■ Exercise
All lines from the one that contains "DACIA Sandero 0.9" through the close of the entries below are to be repeated exactly, without any pictures.

※ ※ ※

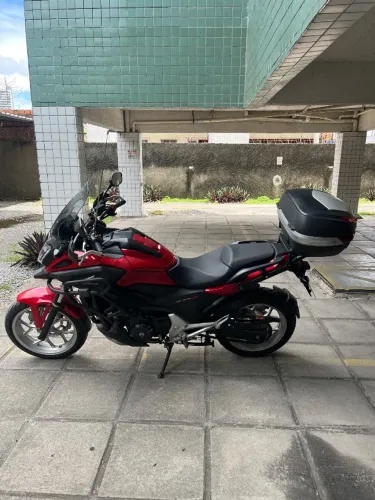 HONDA NC 750 2019/2020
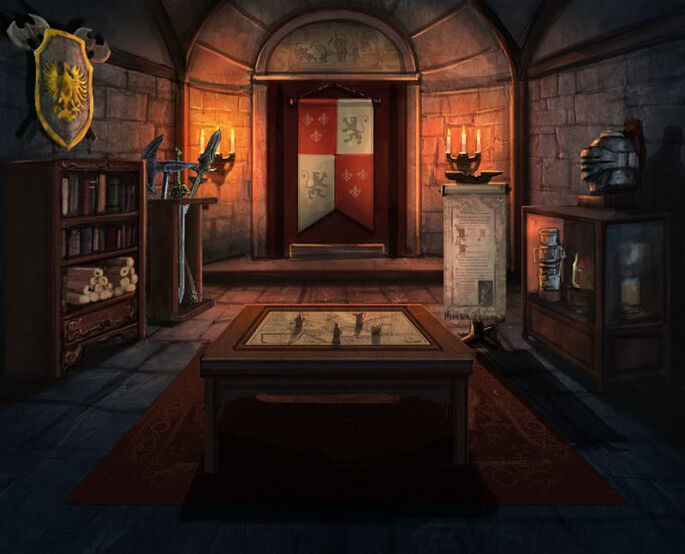 Guild hall v2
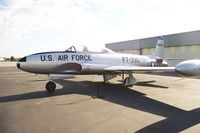 N651 - Lockheed T-33A N651 50-0370 owned by R. Steven Kay - by Mike Henniger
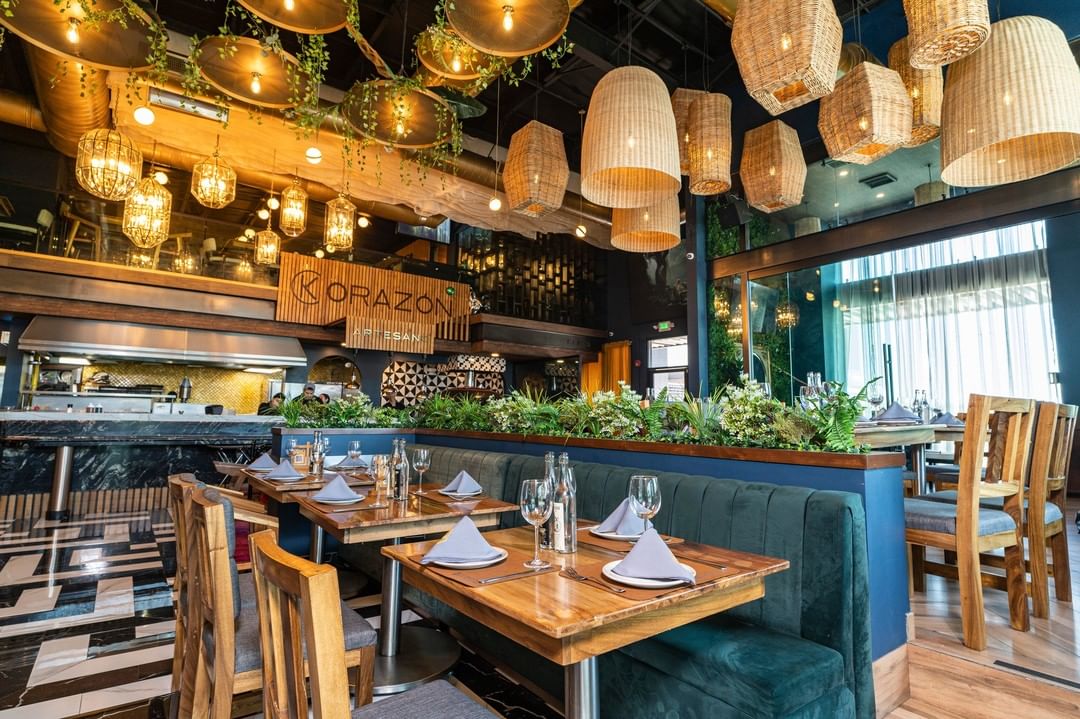 corazon artesano Mexicali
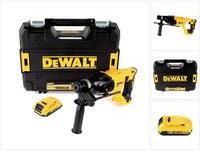 DeWalt DCH133NT (1x 2,0Ah + TSTAK)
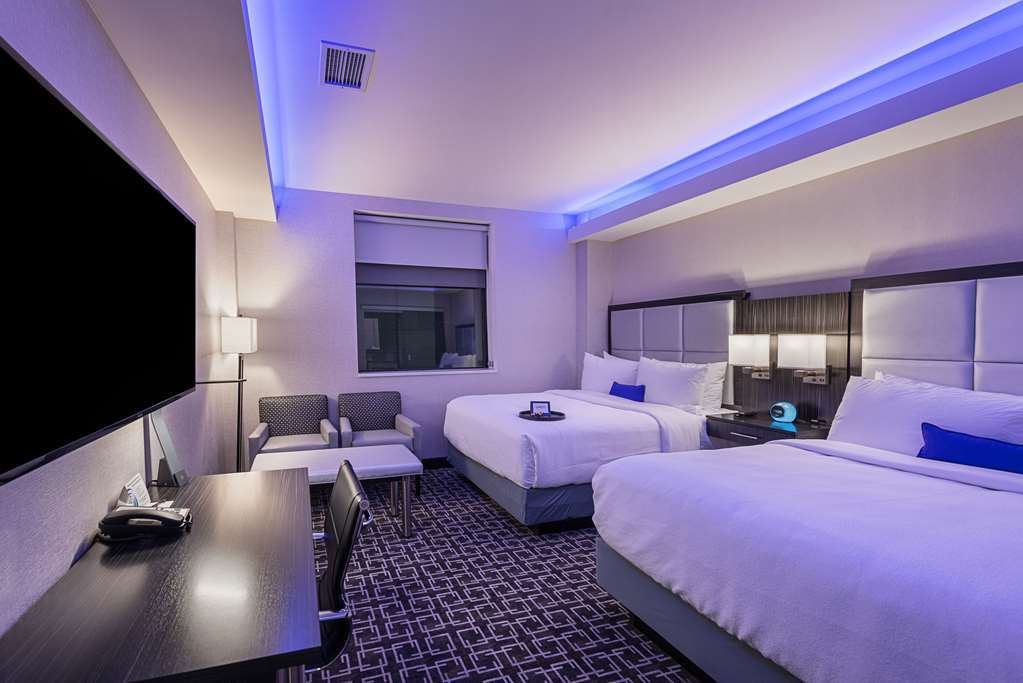 Luminn Hotel Minneapolis, Ascend Hotel Collection Zewnętrze zdjęcie
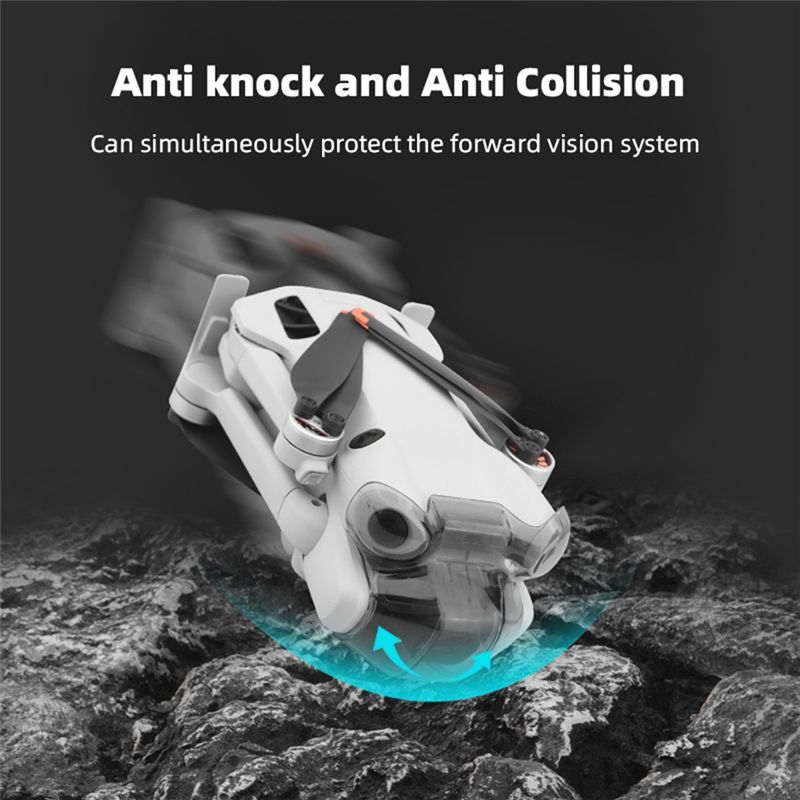 ABDW-For DJI Mini 4 Pro Drone  - Drone Sun Shade のレビューと価格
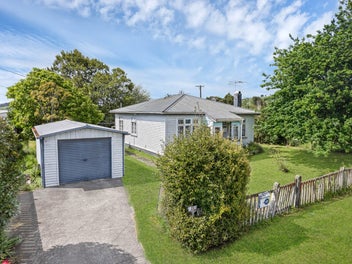 21 Marlborough Street, Pokeno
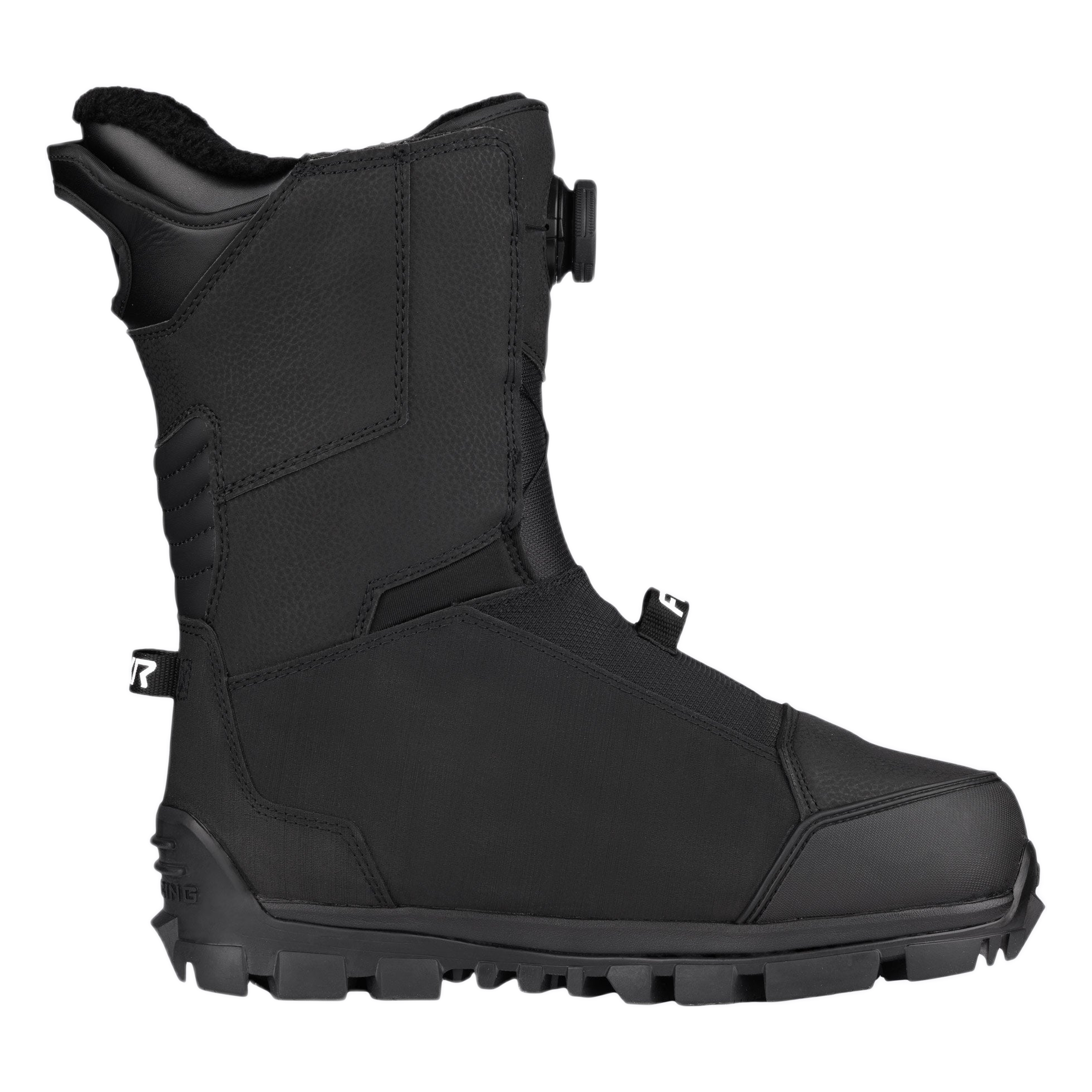 FXR Elevation Snowmobile Boots
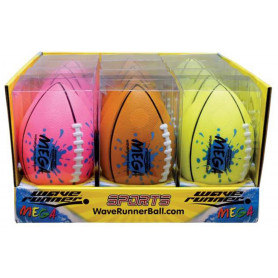 Waverunner American Foot Ball (D48/12)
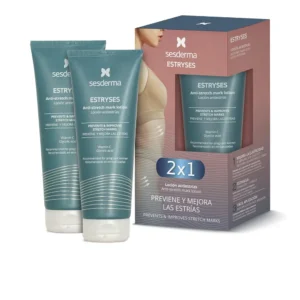 Sesderma Estryses Anti-Stretch Marks Lotion Duo 2 x 200ML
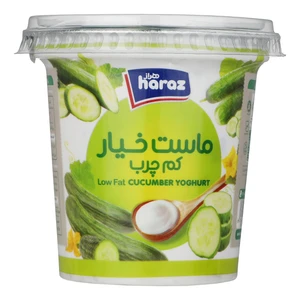 ماست خیار هراز - 750 گرم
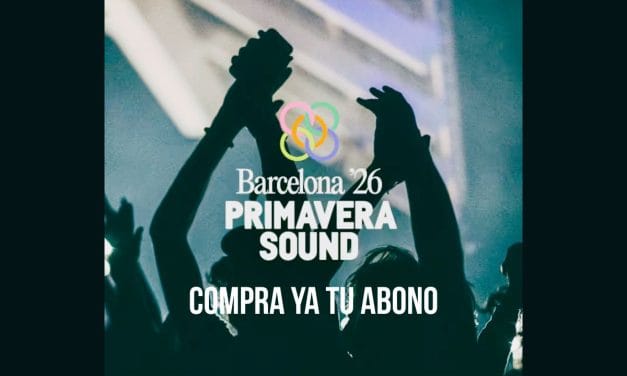 Primavera Sound 2026: The Cure, Doja Cat y Massive Attack lideran un cartel de leyenda. ¡Consigue tus entradas!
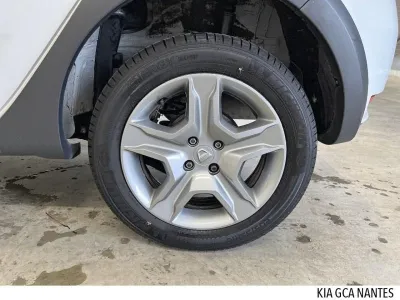 DACIA Sandero 0.9 TCe 90ch Stepway Easy-R occasion 2020 - Photo 4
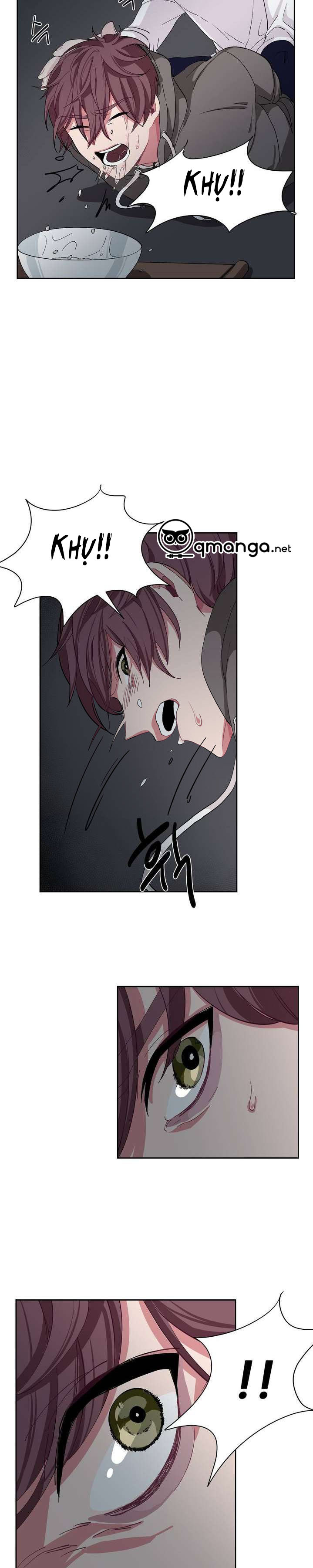 hãy tuân lệnh tôi chapter 1 31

※ ※ ※

■ Response
 DACIA Sandero 0.9 TCe 90ch Stepway Easy-R occasion 2020 - Photo 4
 hãy tuân lệnh tôi chapter 1 31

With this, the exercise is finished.